VATICAN CITY (AP) – Pope Benedict XVI on Saturday set the founder of the Knights of Columbus, one of the world’s largest lay Catholic groups, on the path to possible beatification and sainthood, the Vatican said. The pope recognized the “heroic virtues” of the Rev. Michael J. McGivney, who in 1882 created a fraternal society for Catholic men who suffered discrimination for their religion and immigrant origins.

A miracle performed through McGivney’s intercession must be certified by the Vatican before beatification, which is the last formal step before the sainthood process can begin. McGivney was a 29-year-old assistant pastor at St. Mary’s Church in New Haven, Conn., when he founded the group, which now has 1.7 million members and in 2006 collected nearly $144 million in contributions for charity. Its charitable work also includes substantial support for the Vatican. The group funded the restoration of the facade of St. Peter’s Basilica during the 1980s, and annually underwrites the cost of satellite TV broadcasts of liturgical celebrations from Vatican City, including the Christmas midnight Mass.

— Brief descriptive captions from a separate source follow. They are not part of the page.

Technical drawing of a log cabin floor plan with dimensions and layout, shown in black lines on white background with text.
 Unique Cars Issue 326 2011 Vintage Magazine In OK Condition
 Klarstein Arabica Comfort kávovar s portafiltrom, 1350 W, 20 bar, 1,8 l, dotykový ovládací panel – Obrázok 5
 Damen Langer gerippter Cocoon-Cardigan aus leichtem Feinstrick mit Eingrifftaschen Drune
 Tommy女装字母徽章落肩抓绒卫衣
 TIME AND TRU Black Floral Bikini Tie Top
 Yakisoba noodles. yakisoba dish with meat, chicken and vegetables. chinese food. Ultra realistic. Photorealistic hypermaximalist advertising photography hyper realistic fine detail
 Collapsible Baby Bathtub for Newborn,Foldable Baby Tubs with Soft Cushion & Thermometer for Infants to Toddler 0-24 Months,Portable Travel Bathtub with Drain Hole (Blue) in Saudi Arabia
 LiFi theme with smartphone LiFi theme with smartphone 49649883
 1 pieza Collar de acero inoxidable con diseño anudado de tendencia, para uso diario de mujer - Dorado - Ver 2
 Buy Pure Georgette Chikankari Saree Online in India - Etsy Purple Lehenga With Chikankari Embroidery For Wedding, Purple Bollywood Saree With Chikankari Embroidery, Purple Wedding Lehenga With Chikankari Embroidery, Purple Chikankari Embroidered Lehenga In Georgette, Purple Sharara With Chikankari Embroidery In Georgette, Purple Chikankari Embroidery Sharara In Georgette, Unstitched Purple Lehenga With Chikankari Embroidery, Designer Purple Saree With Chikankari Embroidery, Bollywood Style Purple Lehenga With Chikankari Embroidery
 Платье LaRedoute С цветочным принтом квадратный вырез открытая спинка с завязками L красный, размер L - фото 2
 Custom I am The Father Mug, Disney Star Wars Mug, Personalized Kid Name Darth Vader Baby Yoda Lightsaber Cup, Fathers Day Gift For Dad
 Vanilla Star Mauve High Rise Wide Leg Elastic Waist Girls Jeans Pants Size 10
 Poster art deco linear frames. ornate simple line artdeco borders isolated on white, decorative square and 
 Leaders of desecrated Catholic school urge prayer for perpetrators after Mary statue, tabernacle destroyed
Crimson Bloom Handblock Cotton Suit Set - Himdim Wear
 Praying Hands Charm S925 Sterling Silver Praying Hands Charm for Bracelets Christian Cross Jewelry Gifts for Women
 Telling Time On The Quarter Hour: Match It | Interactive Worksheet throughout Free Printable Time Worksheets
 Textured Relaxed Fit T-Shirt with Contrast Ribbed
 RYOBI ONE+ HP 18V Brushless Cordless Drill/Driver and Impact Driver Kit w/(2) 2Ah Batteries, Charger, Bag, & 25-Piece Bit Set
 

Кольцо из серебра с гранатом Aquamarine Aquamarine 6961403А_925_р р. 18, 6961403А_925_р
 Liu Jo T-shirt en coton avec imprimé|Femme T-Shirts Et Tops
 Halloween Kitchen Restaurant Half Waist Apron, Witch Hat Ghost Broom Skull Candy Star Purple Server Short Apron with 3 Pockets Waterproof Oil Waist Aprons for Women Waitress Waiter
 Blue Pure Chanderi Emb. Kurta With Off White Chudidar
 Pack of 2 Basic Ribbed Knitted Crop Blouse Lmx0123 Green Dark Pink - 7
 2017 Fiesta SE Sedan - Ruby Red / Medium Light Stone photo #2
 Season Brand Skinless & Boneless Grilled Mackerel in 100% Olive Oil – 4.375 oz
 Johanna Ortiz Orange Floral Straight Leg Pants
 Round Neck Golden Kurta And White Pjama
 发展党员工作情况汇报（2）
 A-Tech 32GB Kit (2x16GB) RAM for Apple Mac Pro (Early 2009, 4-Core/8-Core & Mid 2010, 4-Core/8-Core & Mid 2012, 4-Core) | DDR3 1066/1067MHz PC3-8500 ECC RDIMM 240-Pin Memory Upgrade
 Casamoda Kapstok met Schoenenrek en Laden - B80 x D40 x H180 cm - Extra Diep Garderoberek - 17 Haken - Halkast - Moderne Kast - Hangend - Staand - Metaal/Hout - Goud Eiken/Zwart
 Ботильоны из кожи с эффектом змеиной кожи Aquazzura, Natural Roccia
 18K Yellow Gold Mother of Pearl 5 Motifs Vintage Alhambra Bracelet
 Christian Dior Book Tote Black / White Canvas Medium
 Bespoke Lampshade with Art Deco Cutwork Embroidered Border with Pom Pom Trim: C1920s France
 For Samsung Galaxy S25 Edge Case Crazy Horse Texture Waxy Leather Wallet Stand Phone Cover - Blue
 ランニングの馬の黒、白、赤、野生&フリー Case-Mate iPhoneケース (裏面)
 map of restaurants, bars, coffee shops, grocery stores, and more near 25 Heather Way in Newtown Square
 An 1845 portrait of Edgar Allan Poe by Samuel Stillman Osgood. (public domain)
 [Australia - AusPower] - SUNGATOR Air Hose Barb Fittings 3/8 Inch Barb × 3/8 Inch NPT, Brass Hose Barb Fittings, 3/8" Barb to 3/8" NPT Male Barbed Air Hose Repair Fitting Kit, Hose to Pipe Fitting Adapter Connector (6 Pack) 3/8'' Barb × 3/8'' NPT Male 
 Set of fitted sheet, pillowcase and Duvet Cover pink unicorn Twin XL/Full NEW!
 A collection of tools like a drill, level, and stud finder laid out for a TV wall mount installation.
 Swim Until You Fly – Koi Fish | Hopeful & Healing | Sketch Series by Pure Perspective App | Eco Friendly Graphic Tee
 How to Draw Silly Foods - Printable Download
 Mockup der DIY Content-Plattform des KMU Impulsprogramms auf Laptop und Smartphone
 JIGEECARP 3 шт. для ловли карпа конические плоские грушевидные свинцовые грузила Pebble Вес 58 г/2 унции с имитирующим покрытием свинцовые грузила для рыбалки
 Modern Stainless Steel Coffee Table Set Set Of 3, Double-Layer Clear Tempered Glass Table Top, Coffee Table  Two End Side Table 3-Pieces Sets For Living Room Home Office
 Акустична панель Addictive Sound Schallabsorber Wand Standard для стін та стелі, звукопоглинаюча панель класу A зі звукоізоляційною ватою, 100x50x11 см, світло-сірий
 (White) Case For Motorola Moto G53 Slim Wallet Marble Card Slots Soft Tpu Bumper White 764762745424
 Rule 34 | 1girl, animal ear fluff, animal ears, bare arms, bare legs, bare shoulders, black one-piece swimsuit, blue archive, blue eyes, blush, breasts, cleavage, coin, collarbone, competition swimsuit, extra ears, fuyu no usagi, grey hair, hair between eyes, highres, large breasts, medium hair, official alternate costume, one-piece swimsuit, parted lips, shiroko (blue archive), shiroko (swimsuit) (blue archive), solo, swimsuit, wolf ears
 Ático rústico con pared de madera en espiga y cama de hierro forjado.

Born in 1852 to Irish immigrants in Waterbury, Conn. McGivney died of pneumonia at age 38.

In 1997 the cause to canonize him was opened. That process received important support last year, when the Vatican’s No. 2 official, Cardinal Tarcisio Bertone, celebrated Mass at the Knights of Columbus annual meeting in Tennessee and said he would work to have the priest declared a saint.